In a dominant first half where Ferris alongside Johann Muller, Rory Best and Chris Henry in particular put in countless tackles, Ulster screeched into a 19-0 lead thanks to the boot of the outstanding Ruan Pienaar and a magical try from Craig Gilroy. Munster typically clawed their way back with Simon Zebo’s try and a Ronan O’Gara penalty to trail 10-19 at half time with the momentum behind them. But although Munster noticeably shifted up a gear in the second half, with James Coughlan and Paul O’Connell starting to carry, they could not create that winning try, the outstanding Ulster defence meaning although over a 10 minute period Munster had 96% possession, it was not to be their day.

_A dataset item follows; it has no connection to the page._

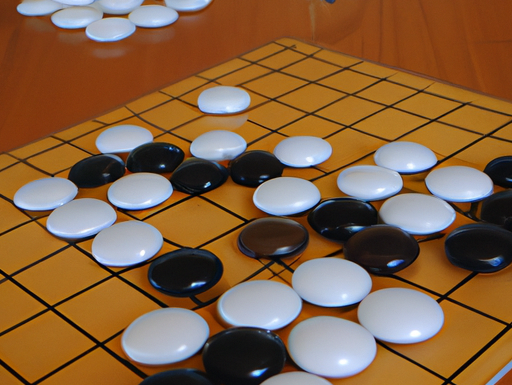 “AlphaGo y la Matemática Oculta: Cómo la IA Dominó el Juego de Go”.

Edinburgh’s “David” downs the “Goliath” Toulouse to reach the semi-finals
It has been a long eight years since a Scottish side reached the quarter-finals, yet now Edinburgh have gone further than any side in history by reaching a first Heineken Cup semi-final. The prospect of taking on the five time champions Toulouse appeared a bridge too far before Saturday lunchtime’s kick off, but Edinburgh started with a bang, Mike Blair crossing the try line in under two minutes after poor control under the high ball. It was then down to Greig Laidlaw to keep the scoreboard ticking over, which Scotland’s latest number 10 did to good effect, so much so that with his final penalty in the 79th minute victory was confirmed.

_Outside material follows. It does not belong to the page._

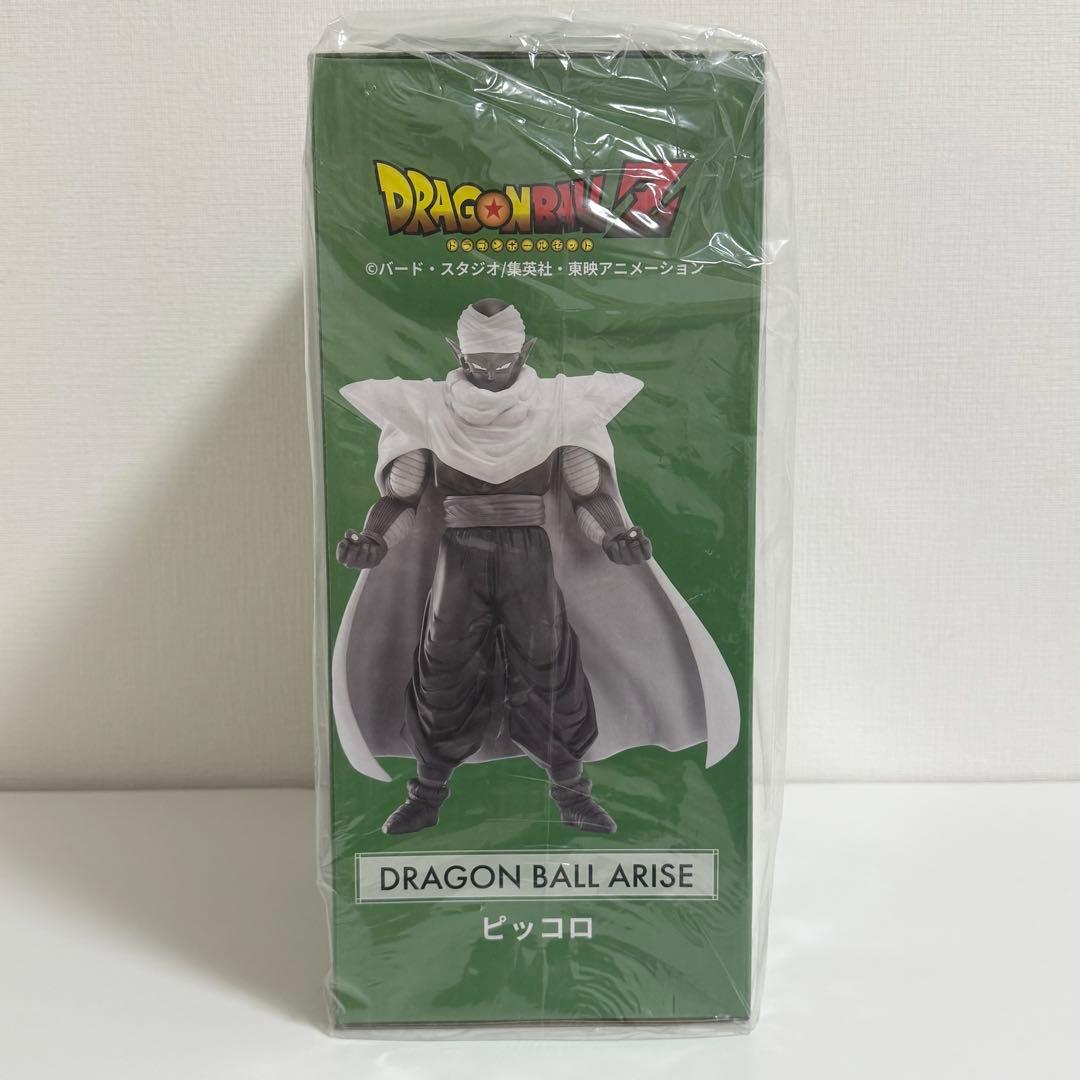 【新品未開封】ドラゴンボールアライズ ピッコロ ジーマ ZEEM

The battle was won in the back row, where despite another illustrious performance from Thierry Dusautoir, the work rate of Ross Rennie, Dave Denton and Natani Talei was unrelenting as they made countless tackles and a nuisance of any Toulouse ball. The home side’s domination of both territory and possession told even though they couldn’t land the knockout blow, leading to fantastic celebrations from a record 37,881 crowd at Murrayfield.
Saracens thumped by Clermont as Leinster’s excellence tells against Cardiff
English representation in Europe came to a close on Sunday evening following the exit of English champions Saracens from the Heineken Cup. They were brutally taken apart by the visiting Clermont Auvergne, whose yellow and blue band of fans were on fantastic form in the stands. What helped matters was that Brock James had one of his better days in the Heineken Cup, coming on as an early substitute for David Skrela but kicking 17 points. Saracens endeavour in the end was far too one dimensional, whilst the nous of Jacques Burger at openside flanker was sorely missed against the twin threat of Alexandre Lapandry and Julien Bonnaire. It means that Saracens must wait another year to become a major player at this level, whilst Clermont will host favourites Leinster in a mouth-watering encounter in Bordeaux.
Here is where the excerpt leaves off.